In the meantime, I’m continuing to work on Algoseq and I do have news there to share. While fleshing out the interface, I couldn’t help but rethink some fundamental elements of the design. I think I’ve got it nailed down now, but development and testing time has increased due to some added complexity. Algoseq will not only be capable of storing up to 4 separate sequences of differing length, but additionally it will be possible to crossfade between these sequences just as it is possible to crossfade between algorithms (steps) within a sequence.

Basically, it’s now a two-dimensional phase sequencer. Because the last step & sequence crossfade back to the first as phase approaches maximum, you can think of it as a sort of toroidal sequencer. In dimensional terms: I think of movement across “Time” for the steps within a sequence, and movement across “Space” when traversing between sequences.

This design process for me has been reminiscent of that which produced Algomorph Advance and then later Algomorph Pocket, so… There could be some sort of miniature Algoseq in the future, but I make no promises.

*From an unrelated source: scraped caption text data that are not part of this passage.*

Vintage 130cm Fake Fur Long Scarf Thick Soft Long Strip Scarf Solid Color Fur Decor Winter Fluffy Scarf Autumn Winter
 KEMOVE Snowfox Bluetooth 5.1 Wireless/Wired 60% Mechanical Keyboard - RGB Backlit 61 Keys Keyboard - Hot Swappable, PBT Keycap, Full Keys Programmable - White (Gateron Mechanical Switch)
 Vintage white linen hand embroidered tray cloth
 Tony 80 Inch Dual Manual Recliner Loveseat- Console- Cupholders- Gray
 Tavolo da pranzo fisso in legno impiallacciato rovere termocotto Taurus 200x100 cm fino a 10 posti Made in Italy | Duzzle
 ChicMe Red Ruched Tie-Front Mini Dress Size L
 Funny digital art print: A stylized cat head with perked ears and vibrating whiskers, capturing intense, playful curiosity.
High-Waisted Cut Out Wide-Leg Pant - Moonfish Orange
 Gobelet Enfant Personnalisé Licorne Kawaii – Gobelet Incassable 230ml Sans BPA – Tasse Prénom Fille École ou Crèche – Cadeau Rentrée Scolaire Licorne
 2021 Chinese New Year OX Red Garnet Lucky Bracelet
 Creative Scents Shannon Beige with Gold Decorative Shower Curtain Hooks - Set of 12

Once I’ve got this module wrapped up, I intend to revisit this test patch and produce another revised version. In particular I’d like to spend more time trying to show off the best in all of the LFM oscillators (Fundamental, Instruo, Valley). I’m also keen to look into measuring oscillator and modulation depth amplitudes between these oscillators, to make sure that all levels are set appropriately (see above: my correction for the NYSTHI oscillators in the v5 patch update).

Sincerely, thank you for checking in. Your interest helps keep me coding.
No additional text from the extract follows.